Publish policies to Artifact Hub
Artifact Hub is a website where users can find, install, and publish packages and configurations for CNCF projects.
Kubewarden policies can be published on Artifact Hub and made discoverable to the wide audience of CNCF users.
Artifact Hub is a content aggregation platform and doesn't actually host the artifacts that are published on it.
Artifact Hub requires you to physically host container image repositories on a container registry or a web server. Refer to the distributing policies section for more information on how to host your policies.
This document focuses on the steps required to make a Kubewarden policy discoverable on Artifact Hub.
Prepare your Git repository​
Artifact Hub crawls Git repositories looking for special metadata files.
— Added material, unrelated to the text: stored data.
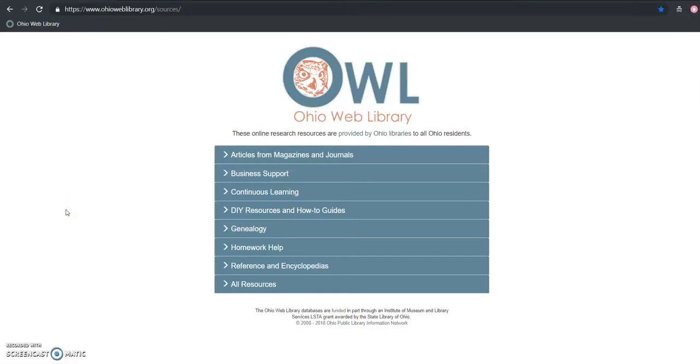Today we are looking at Chilton Library. This is a fantastic tool that offers information on most makes and models of cars, some ranging all the way back to 1940.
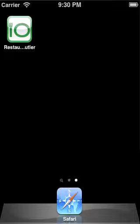Using the iPhone or the iPod Touch version of Restaurant Butler is quite easy when you're already used to the iPad version.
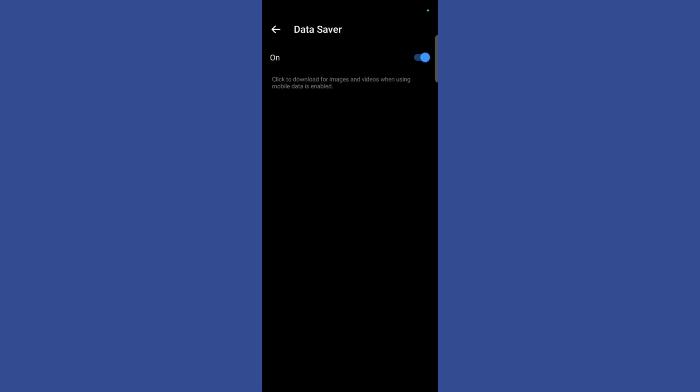You may turn it on by simply clicking on the toggle, and here you can see that click to download for images and videos when using mobile data is enabled. So now your data saver is successfully enabled in your Facebook Messenger.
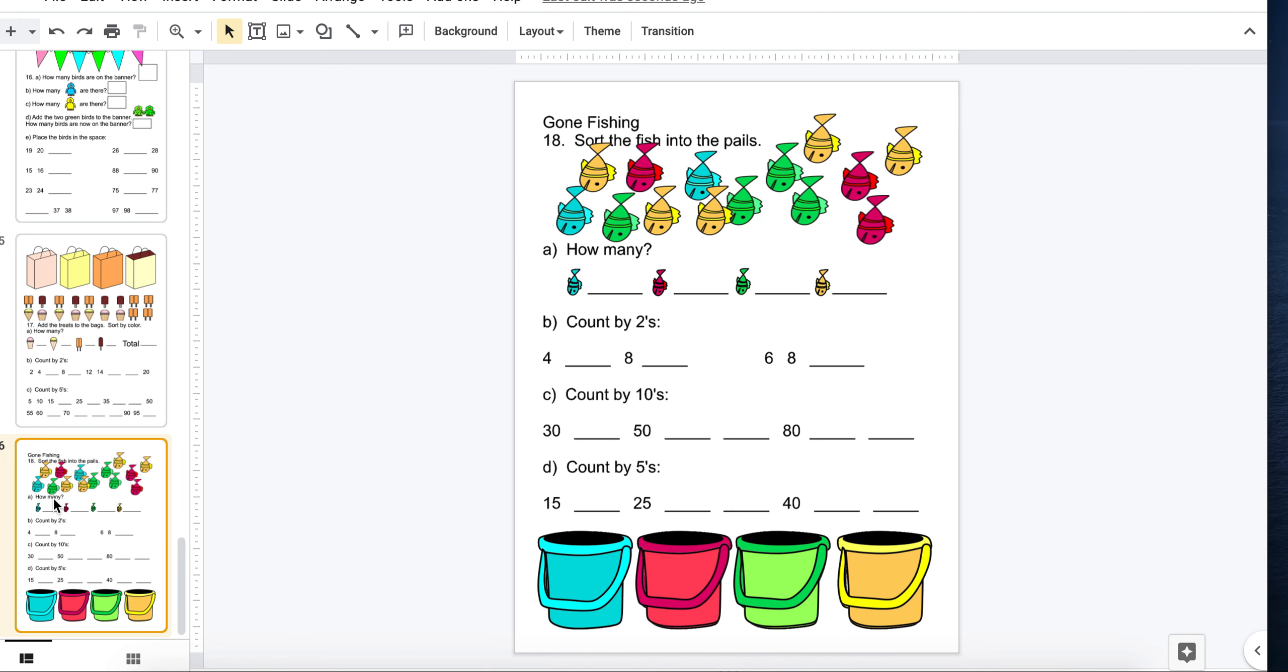And one with fish where they can add the fish to the buckets. They practice their counting by twos, by fives, and by tens.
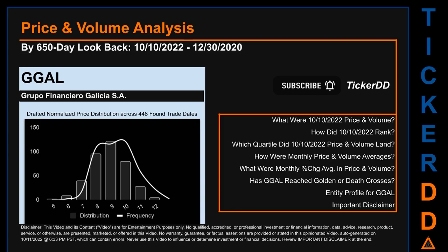Hello, my name is Lily. I am one of Ticker DD's AI bots, here for your daily stonking. This video does not contain or offer any qualified, accredited, or professional investment or financial information, research, advice, or products and services. See the important disclaimer at the end of this video. This video is only for your entertainment purposes, my capitalistic brothers and sisters.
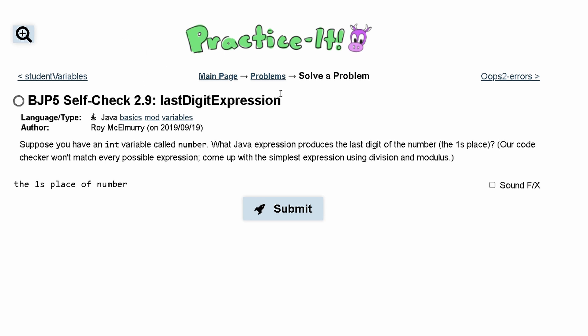For practice, self-check 2.9: last digit expression. We are told to suppose that we have an int variable called number, declared as `int number`. We are asked: what Java expression produces the last digit of the number?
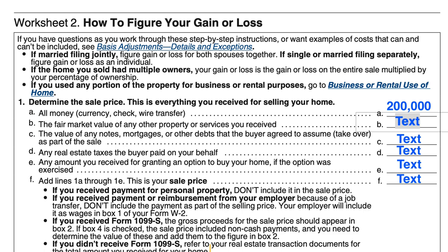We'll be going over IRS Publication 523, which is Selling Your Home — specifically Worksheet 2, How to Figure Your Gain or Loss. This is the worksheet that many tax return situations may instruct you to fill out so that you can calculate the basis or the gain or loss of a home that you might have had for primary residence purposes. We'll briefly highlight the different sections, and then we'll go back and work through the numbers.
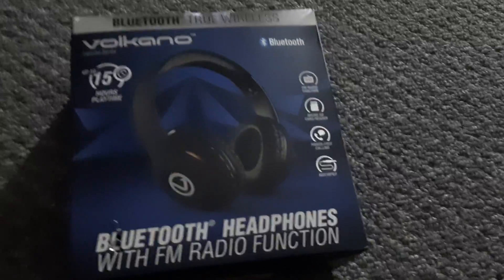I'm going to be unboxing this cool new Volcano headphones I found. Just give me a second.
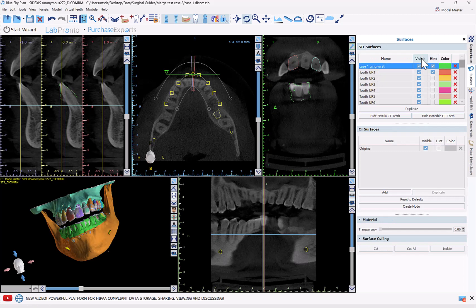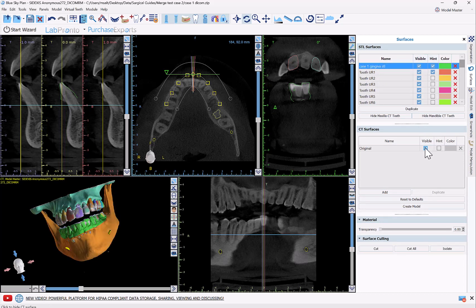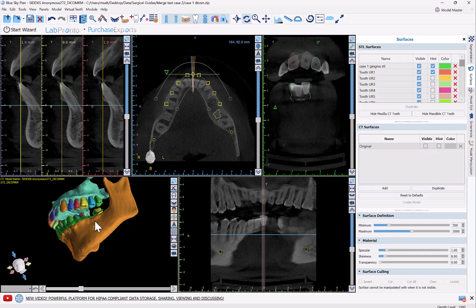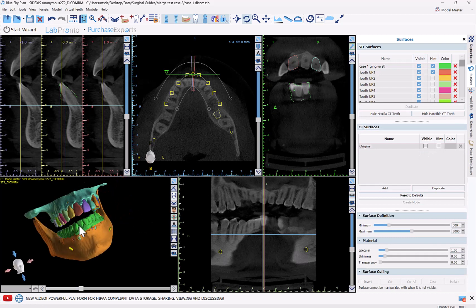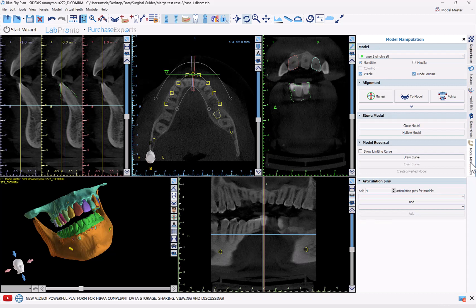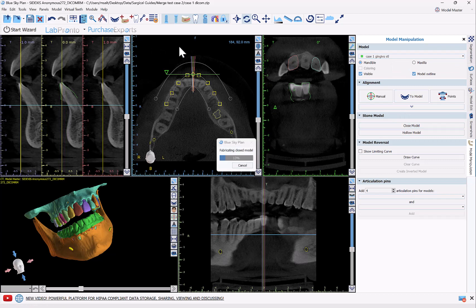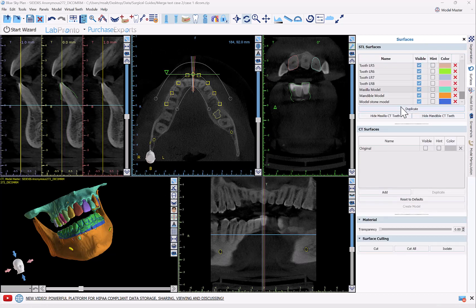Once that's done, we can see that we now have everything segmented. We have our model imported. So I'm going to go over to the model manipulation panel, make sure the correct model is selected, and then click 'Close Model.' Now I have our new model in the CT surfaces list, so I'll just call this 'Closed Model.'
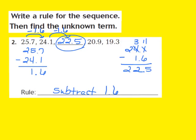So my rule is subtract 1 and 6 tenths, and using that rule, I have now found my unknown term, which is 22 and 5 tenths.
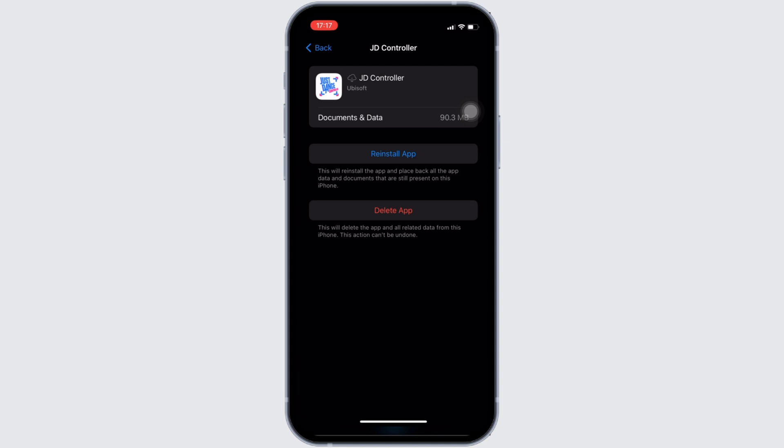If not, you can uninstall the application and reinstall it again. Reinstalling the app will definitely fix the issue and then you'll be good to go.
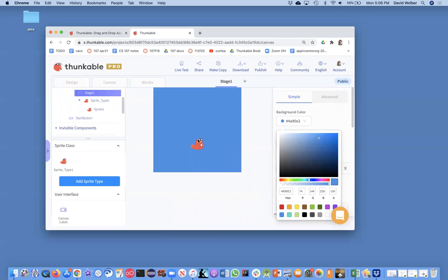And you'll notice you don't see a square around the image. The image is actually a square, but you don't see it, so it's a transparent background around this Thunkable icon. And you can find images with transparent backgrounds.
There are different kind of layouts the Git repository can have. They are all documented in depth in the official Artifact Hub documentation.
Artifact Hub is flexible and allows you to organize your code in these ways:
- Have a Git repository dedicated to Artifact Hub: this repository will not contain any policy source code. It will be a collection of the YAML files required by Artifact Hub.
- Add a Artifact Hub directory in the Git repository holding the source of your policy. This is an iteration of the previous approach, focusing on just one policy, that which is defined in the Git repository. This approach allows keeping multiple versions of the policy published on Artifact Hub.
- Add the
artifacthub-pkg.ymland theartifacthub-repo.ymlfiles to the root of the Git repository that holds the policy source code. This approach is the simplest one. The only limitation is that only the latest version of the policy will be visible on Artifact Hub.
The last approach is used in our official policy templates. The
Git repository that is scaffolded includes the artifacthub-repo.yml file,
and our GitHub Actions generate and push the artifacthub-pkg.yml to an
artifacthub branch for Artifact Hub to consume.
Publishing Steps​
Before publishing a policy to Artifact Hub, you must create an account there.
Before publishing the policy, ensure your Git repository has the proper layout,
with a well formatted metadata.yml with the obligatory annotations.
If you want to do this manually, you can create the artifacthub-pkg.yml file
by doing a kwctl scaffold artifacthub (with version >= 1.23). This command
takes the metadata.yml in the current path and outputs an
artifacthub-pkg.yml. The artifacthub-pkg.yml contains fields such as
version: , createdAt: , that need to match specific format, and be
up-to-date. The format of the artifacthub-pkg.yml is described
here.
If you use our GitHub Actions >= v4.0.0, the release workflow can be
configured with the input artifacthub: true. If so configured, after a
successful release (after the policy has been successfully built, signed and
pushed), our GitHub Actions have a last job that generates the
artifacthub-pkg.yml for you then commits, and pushes the changes to the
artifacthub branch. The canonical files are always the ones in the main
branch. For the behaviour of previous releases of our GitHub Actions, see the
docs versions pre 1.23.
Finally, ensure your policy is published inside of a container registry or on a web server.
Right now the contents of the artifacthub-repo.yml file are not relevant.
Once everything is in place, log into Artifact Hub and go to your control plane.
Decide whether you want to publish the policy as a user or under an Artifact Hub organization you belong to. This is done by choosing the correct "control panel context".
Then press the "Add" button and fill the form:
- Choose "Kubewarden policies" as kind.
- Enter a "Name" and "Display name" of your choice.
- Enter the URL to your Git repository.
- Enter
artifacthubas the branch to track.
Finally, press the "Add" button. This will bring you back to the "Repositories" page, where you will see your freshly created repository.
Each repository has several information fields. Find the "ID" property of the repository you just created and copy it.
Go back to your Git repository and edit the artifacthub-repo.yml. Ensure the
repositoryID key found inside of the document has the value you just copied from the
Artifact Hub web page.
The format of the artifacthub-repo.yml file is defined
here.
Now it's a good time to do some further customizations to this file.
Once you are done with the changes, commit the updated artifacthub-repo.yml
file and push it. During the next scan, Artifact Hub will find this file and
it will add the
"Verified Publisher" badge
to you Artifact Hub repository.
Keeping Artifact Hub in Sync​
Do not forget to update the contents of the metadata.yml file
every time you release a new version of your policy. For example,
you must update the io.kubewarden.policy.version field (which usually matches
the policy OCI tag), and any other annotation you wish to change.
The contents of the artifacthub-repo.yml file do not need to be changed.